ECLI:NL:CBB:2020:697
College van Beroep voor het bedrijfsleven
- Proceskostenveroordeling
- M. van Duuren
- E.D.H. Nanninga
- Rechtspraak.nl
Beoordeling van het fosfaatrechtenstelsel in relatie tot het recht op eigendom en staatssteun
In deze uitspraak van het College van Beroep voor het bedrijfsleven op 13 oktober 2020, zaaknummer 19/717, werd het beroep van appellante, een melkveehouderij, ongegrond verklaard. Appellante had bezwaar gemaakt tegen de vaststelling van haar fosfaatrecht door de minister van Landbouw, Natuur en Voedselkwaliteit, die op 3 januari 2018 was vastgesteld op 11.133 kg. Appellante betoogde dat het fosfaatrechtenstelsel in strijd was met artikel 1 van het Eerste Protocol (EP) en dat het geen grondslag vond in de Nitraatrichtlijn.
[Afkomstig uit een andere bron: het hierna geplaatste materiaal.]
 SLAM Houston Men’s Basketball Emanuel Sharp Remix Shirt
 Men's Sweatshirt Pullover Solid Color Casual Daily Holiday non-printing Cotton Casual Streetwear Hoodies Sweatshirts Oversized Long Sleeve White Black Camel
Het College oordeelde dat het fosfaatrechtenstelsel op regelingsniveau verenigbaar is met artikel 1 van het EP, verwijzend naar eerdere uitspraken en een heropeningsbeslissing van 17 oktober 2018. Het College concludeerde dat de goedkeuring van het fosfaatrechtenstelsel door de Europese Commissie, die het als staatssteun had gekwalificeerd maar verenigbaar had verklaard met de interne markt, het betoog van appellante niet kon ondersteunen. Het College oordeelde verder dat het bestreden besluit niet deugdelijk was gemotiveerd, maar dat appellante hierdoor niet benadeeld was. Het beroep werd ongegrond verklaard, maar het College bepaalde dat het griffierecht aan appellante moest worden vergoed en verweerder in de proceskosten moest worden veroordeeld tot een bedrag van € 525,-.